Etudiants sur le campus de l’université de Nantes (Loire-Atlantique). | UNIVERSITE NANTES / PATRICK MIARA

C’est un coup de canif dans la procédure admission post-bac (APB), qui permet d’effectuer ses demandes d’inscription dans le supérieur. L’université de Nantes a été contrainte par la justice d’accepter l’inscription d’un étudiant en première année commune d’études de santé (Paces), qu’il avait demandé sur APB. Et ce, alors même qu’il avait pourtant accepté une place, également en faculté de médecine, dans l’université des Antilles. Une première.

Ordre des vœux et « inscription effective »
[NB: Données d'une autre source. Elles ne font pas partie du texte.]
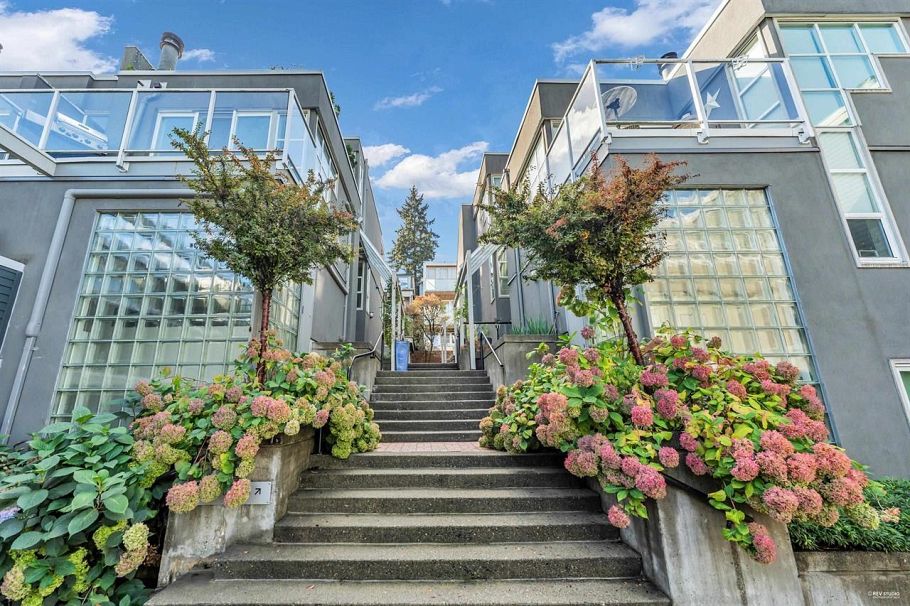 2243 Oak Street Vancouver, BC - 36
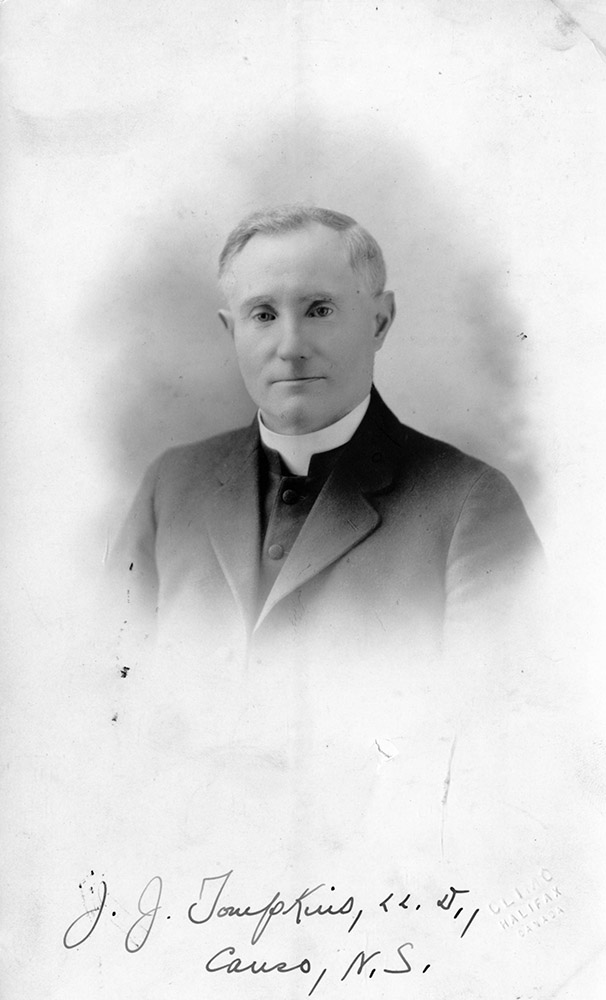 Photo-portrait en noir et blanc du père Tompkins. Inscription au bas : J.J. Tompkins Caruso, N.S.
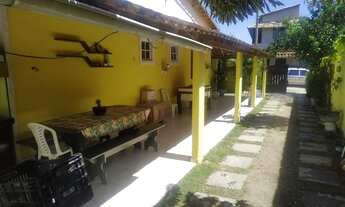 Imagem 2: Casa com 4 quartos, sendo 1 suíte à venda, por R$ 200.000 - Unamar - Cabo Frio/RJ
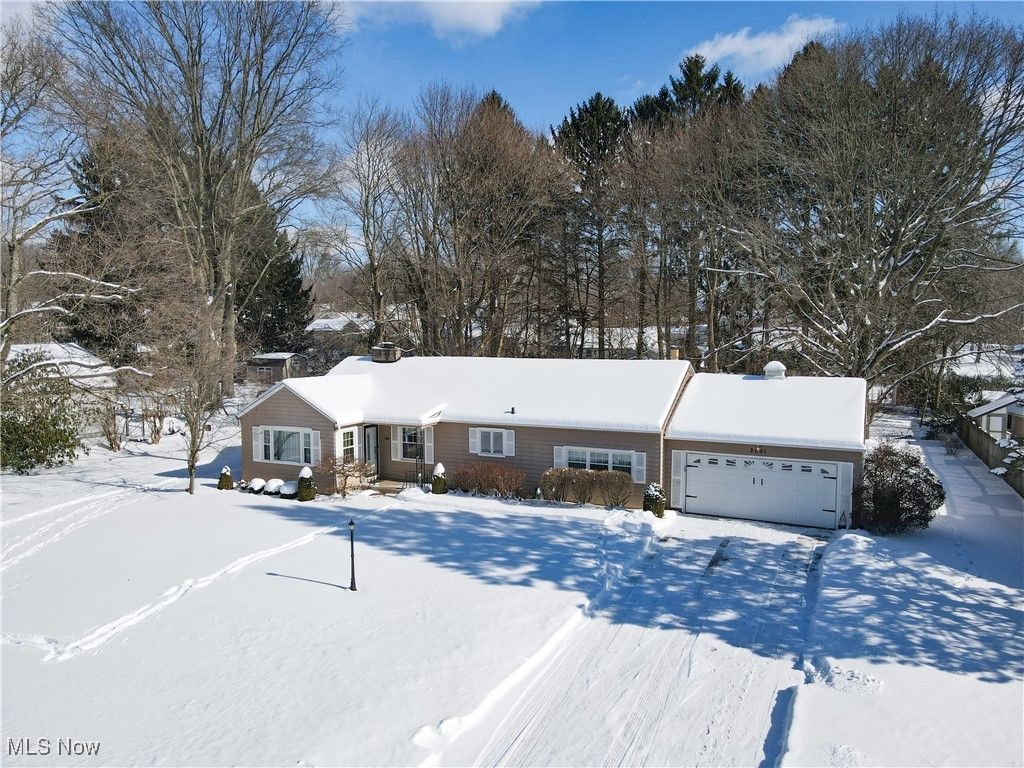 Photo of 3001 Englewood Drive, Stow, OH 44224 (MLS # 5183966)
Sur la plate-forme APB, les élèves de terminale ou étudiants en réorientation doivent hiérarchiser les formations du supérieur qui les intéressent, par ordre de vœux. Au mois de juin, à l’issue de la première phase d’admission, l’étudiant nantais avait accepté une proposition de Paces aux Antilles, placée en huitième vœu. Tout en faisant un recours auprès du président de l’université de Nantes pour contester la décision négative concernant son vœu nº 1 d’intégrer sa Paces, aux capacités d’accueil limitées. Un recours irrecevable, selon le président, dans la mesure où l’étudiant avait déjà effectué sa préinscription aux Antilles.

L’étudiant a donc saisi en référé (procédure accélérée) le tribunal administratif de Nantes, qui a estimé que l’acceptation d’un vœu dans une formation ne préjugeait pas de son « inscription effective » (en l’occurrence aux Antilles). Et qu’il existait bien, comme l’étudiant le précisait dans son recours, « un doute sérieux quant à la légalité de la décision » de refus (à Nantes).

En attendant le jugement « au fond » du dossier dans plusieurs mois, l’étudiant a donc été admis à rejoindre les bancs de la fac nantaise.

Capacité d’accueil limitée et sélection à l’université…

En filigrane, on retrouve une fois de plus le débat autour de la sélection à l’entrée de l’université. Une université, dont le premier cycle, la licence, est censé être « ouvert à tous les titulaires du baccalauréat », selon le code de l’éducation. Mais qui, dans les filières en tension – médecine, droit, psychologie, etc. –, est soumise à une sélection qui ne dit pas son nom : dans les licences dont le nombre de places a été limité, les jeunes de l’académie sont prioritaires selon leur ordre de vœux, et quand ils sont trop nombreux, un tirage au sort peut être effectué.

Les candidats en réorientation passe, eux, après les autres. « Il semble que mon client ait été sélectionné sur dossier parce qu’il était en réorientation, explique maître Merlet-Bonnant, l’avocat de l’étudiant, ce qui est illégal. »

Cette ordonnance qui met en doute la légalité du fonctionnement d’APB est la troisième en la matière depuis trois mois. En juillet, le tribunal de Paris, saisi lui aussi en référé, obligeait trois universités parisiennes à réexaminer le refus d’inscription d’un étudiant en réorientation après un BTS. A la fin du mois de juin, le tribunal de Bordeaux jugeait sans fondement légal la procédure de tirage au sort ayant empêché un étudiant d’obtenir une place en Staps (licence de sport) à Bordeaux.

Multiplication des recours et médiatisation

Me Merlet-Bonnant, qui a défendu le recours de Nantes, est l’avocat de l’association Droits des lycéens qui dénonce depuis de longs mois l’opacité des critères utilisés par la plate-forme APB, ainsi que l’absence de texte encadrant la sélection à l’entrée à l’université. Une absence de fondement légal rappelé par l’Inspection générale de l’administration de l’éducation nationale et de la recherche (IGAENR) elle-même, dans un rapport d’avril.

« Avec la médiatisation des actions de l’association Droits des lycéens, les recours se multiplient depuis plusieurs mois », explique l’avocat. Selon lui, « les élèves de terminale et les étudiants en réorientation prennent conscience qu’ils ne sont pas sans recours face au refus d’inscription dans la formation de leur choix. » Il ajoute : « Cette multiplication des recours obligera un jour ou l’autre le Conseil d’Etat à prendre position sur cette sélection illégale. » Exactement comme il a fini par le faire pour la sélection opérée entre le master 1 et le master 2.

Une décision qui a poussé le ministère à publier en février un décret qui légalise la sélection à l’entrée de plus de 40 % des deuxièmes années de master.